Lissa Thiele, an Expeditions teacher who specializes in Holocaust and Sociology of Law, also focuses on how to teach others tolerance toward other people’s identities.
Ms. Thiele achieves this goal by having lessons that are both exciting and informative. She highlights for her students that schools don’t always take an in-depth look into different cultures, even though that is an important part of what shapes our country.
“I think that culture is a set of human traditions that can have a relationship to race, ethnicity, gender, religion that is passed down from generation to generation.”
One of the things that Ms. Thiele mentioned was that, for her, a lot of people tend to forget that she also has Puerto Rican roots alongside with her Jewish heritage. “People think that the culture equals race, but it doesn’t.”
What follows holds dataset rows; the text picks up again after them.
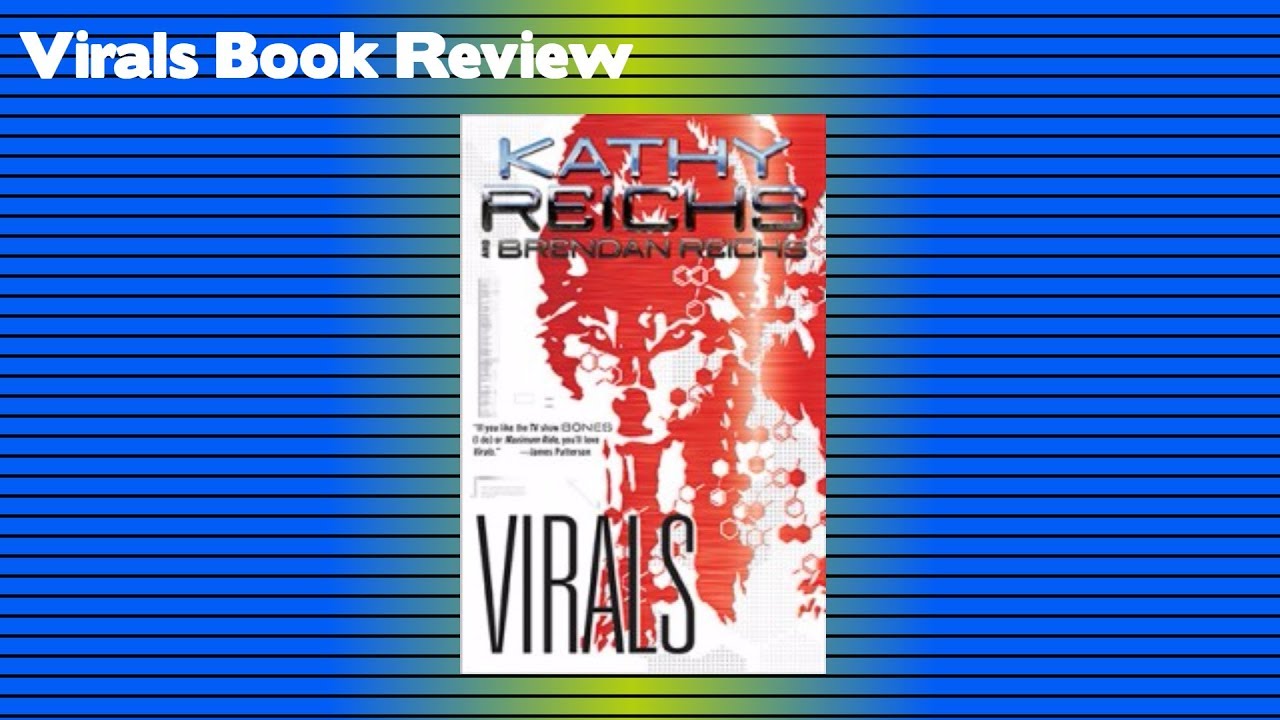 Kathy Reichs Virals ~ Book Review ~ - YouTube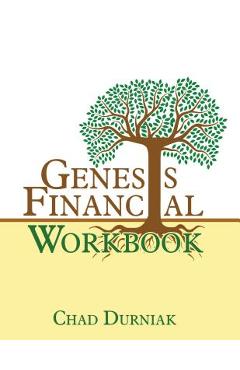 Coperta cărții 'Genesis Financial Workbook - Chad Durniak'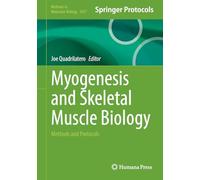 Myogenesis and Skeletal Muscle Biology: Methods and Protocols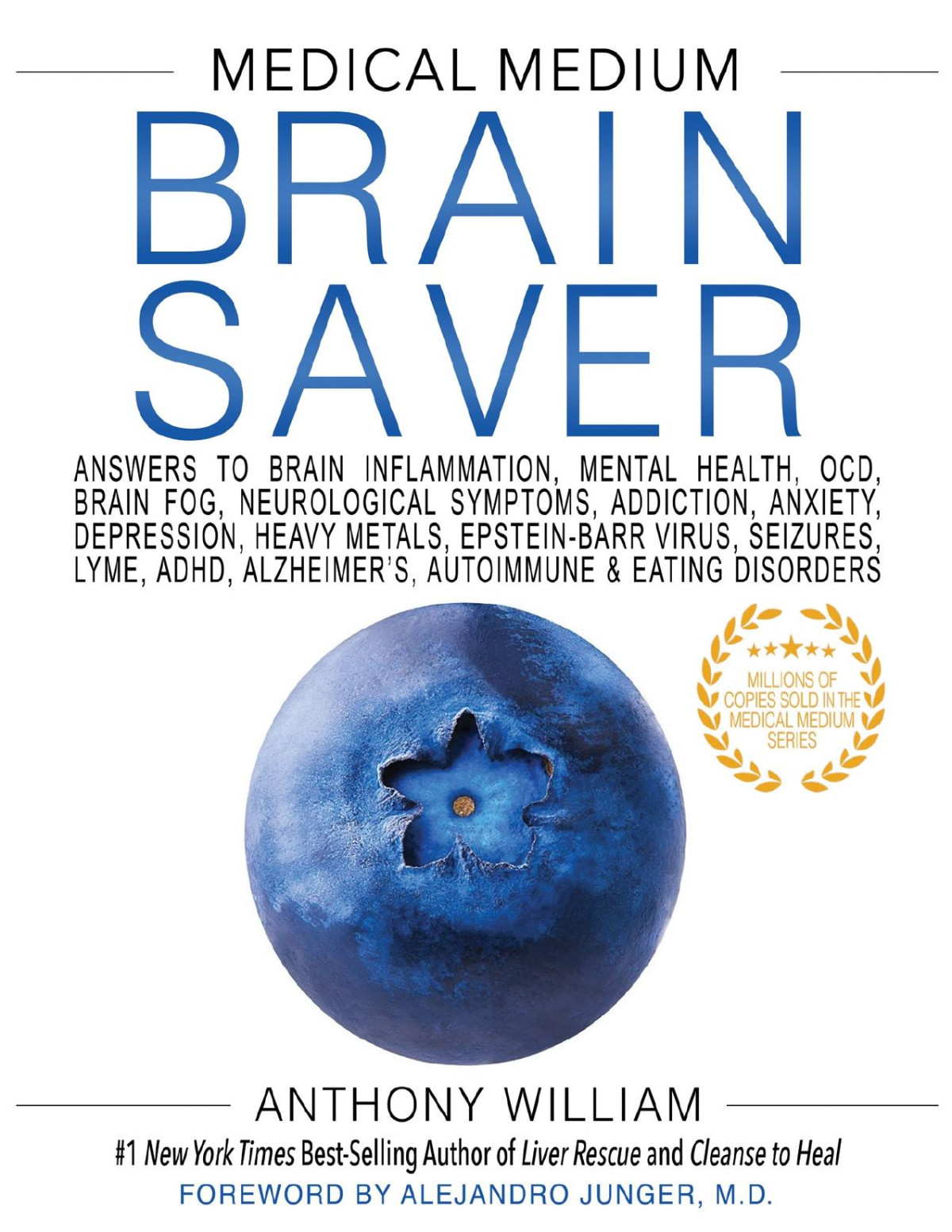 Medical Medium Brain Saver Answers To Brain Inflammation Mental Health Ocd Brain Fog Neurological Symptoms Addiction Anxiety Depression Heavy Metals Epsteinbarr Virus Anthony William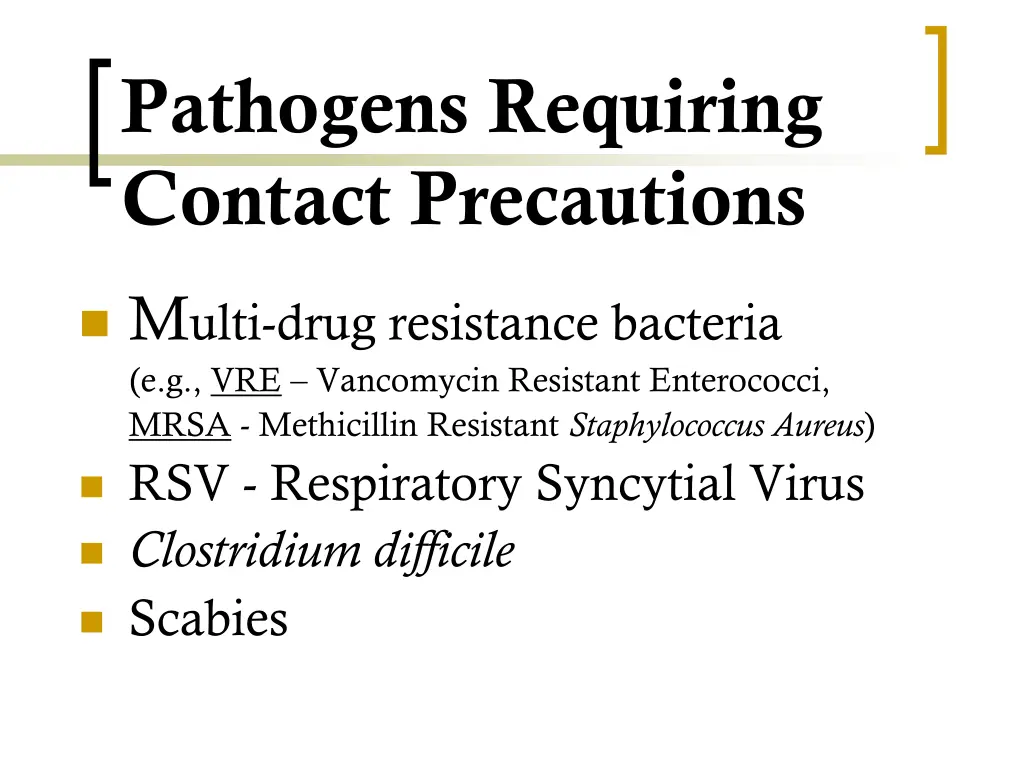 pathogens requiring contact precautions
Ms. Thiele also told us about the differences that she tends to encounter within the understanding of the practice of Judaism as a religion versus the beliefs that are a part of the Jewish culture. She added that, for outsiders, this difference is hard to see, especially in the United States.
She explained that the Jewish experience in Israel can be very different than the Jewish experience in America: “Judaism is both a religion and a culture. There, it’s either you’re religious Jewish or cultural Jewish. In America, those lines are totally blurred, but in other parts it’s not as blurred.”
One of the things that Ms. Thiele emphasizes is that she believes in the things that she teaches. She said “what I teach is what I live.”
Of course, she has some concerns about how to pass her mix of customs and cultures to her four-year-old son, Skyler. Since he is half Jewish, she is concerned over how he will be able to understand the different aspects of his ancestry and not be ashamed about it, since her husband has German roots. Ms. Thiele said, “My son, I have a bit of concern over…One-half of him wanted the other half of him dead.”
At the culmination of everything, she wants the world to know that she is also human and that, while she might not practice the same things that others do, she can still feel pain.
Ms.Thiele said, “I always want to be for real with it, but I don’t want people to see me as less than human … If you punch me, I’m going to hurt just like you.”